= Michael Ojovan =

Moldovian-UK physical chemist

Michael I. Ojovan is a Moldovan-Russian-British physical chemist known for his contributions to glass science, vitrification, viscosity theory, and nuclear waste immobilisation. He has held academic and research positions in the United Kingdom, Russia, Japan, and China, and has worked extensively with the International Atomic Energy Agency (IAEA) on global nuclear waste management initiatives.

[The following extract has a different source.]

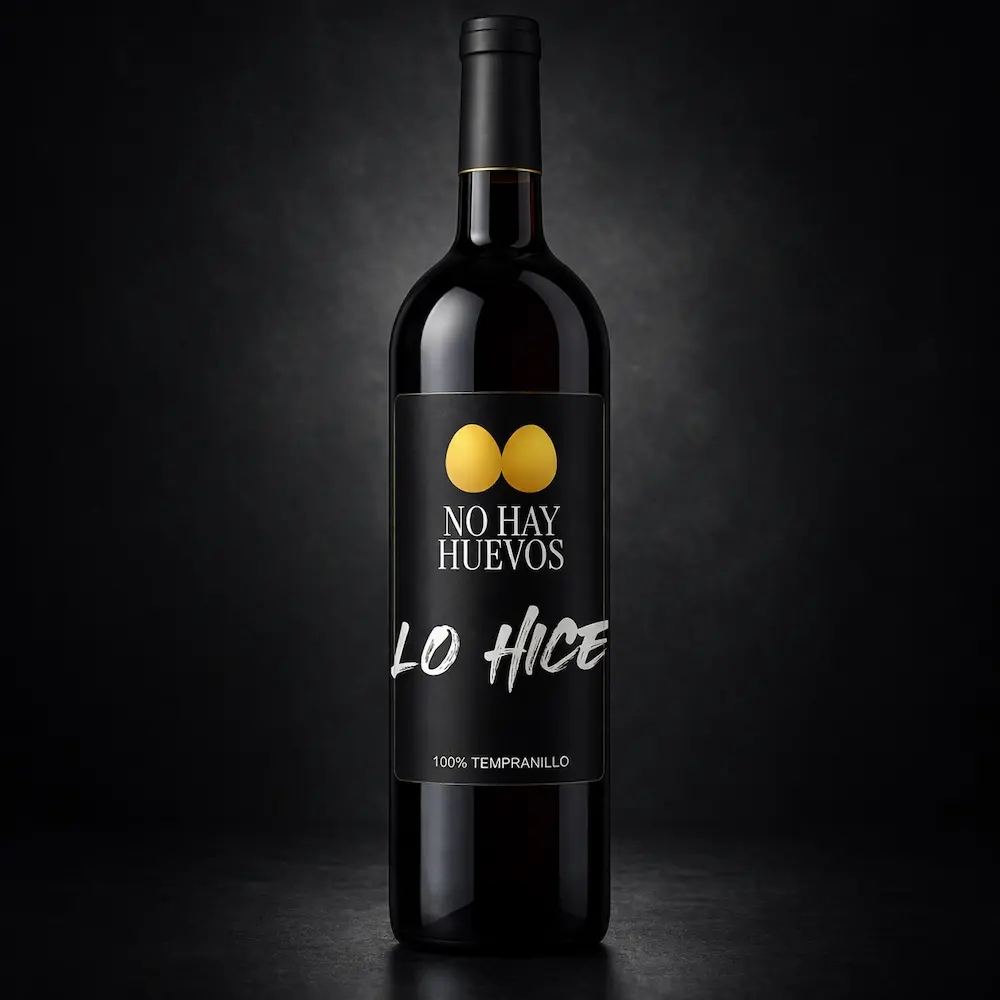 Botella vino tinto No Hay Huevos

== Early life and education ==
Ojovan graduated with an MSc in Solid State Physics from the Moscow Engineering Physics Institute (now the National Research Nuclear University MEPhI) in 1979. He received a Ph.D. in 1982 for research on radiation interactions with small particles, followed by a DSc in Physical Chemistry in 1994 from the Moscow Scientific Research Institute of Physical Chemistry, focusing on surface effects in nuclear waste forms.

== Career ==
From 1982 to 2002, Ojovan served as deputy director of the Applied Research Centre of the Moscow Scientific and Industrial Association “Radon,” working on radioactive waste treatment and immobilisation technologies. He joined the University of Sheffield in 2002 as reader in waste immobilisation and later became assistant professor in the School of Chemical, Materials and Biological Engineering. Between 2011 and 2024, he was professor of materials at Imperial College London, contributing to research on glass transition, viscosity models, and nuclear waste forms. Ojovan worked at the International Atomic Energy Agency (IAEA) from 2011 to 2018 as a nuclear waste management specialist. During this period, he founded and led several international programmes, including the International Predisposal Network (IPN), the IAEA Benchmarking System for Operational Waste from WWER Reactors, and the International Project on Irradiated Graphite Processing (GRAPA). He has also held senior scientific roles at Lomonosov Moscow State University and the Institute of Geology of Ore Deposits, Petrography, Mineralogy and Geochemistry (IGEM) of the Russian Academy of Sciences. In 2023, Ojovan was appointed guest professor at Wuhan University of Technology, and in 2024 was a visiting professor at the Tohoku University Advanced Institute for Materials Research.

== Research ==
Ojovan’s research covers vitrification, glass transition, viscosity models, radioactive waste immobilisation, and materials for nuclear applications. He has published extensively on glass structure, configuron theory, and the behaviour of nuclear waste forms. His work is widely cited in the fields of glass science and nuclear materials,.

== Editorial work ==

He is chief editor of Science and Technology of Nuclear Installations and serves as associate editor for the International Journal of Applied Glass Science, Frontiers in Nuclear Engineering, and Frontiers in Geochemistry. He is also a member of the editorial boards of Journal of Nuclear Materials, Sustainability, Materials, and npj Materials Degradation.

== Professional affiliations ==

Ojovan is a Fellow of the Russian Academy of Natural Sciences, elected in 1996.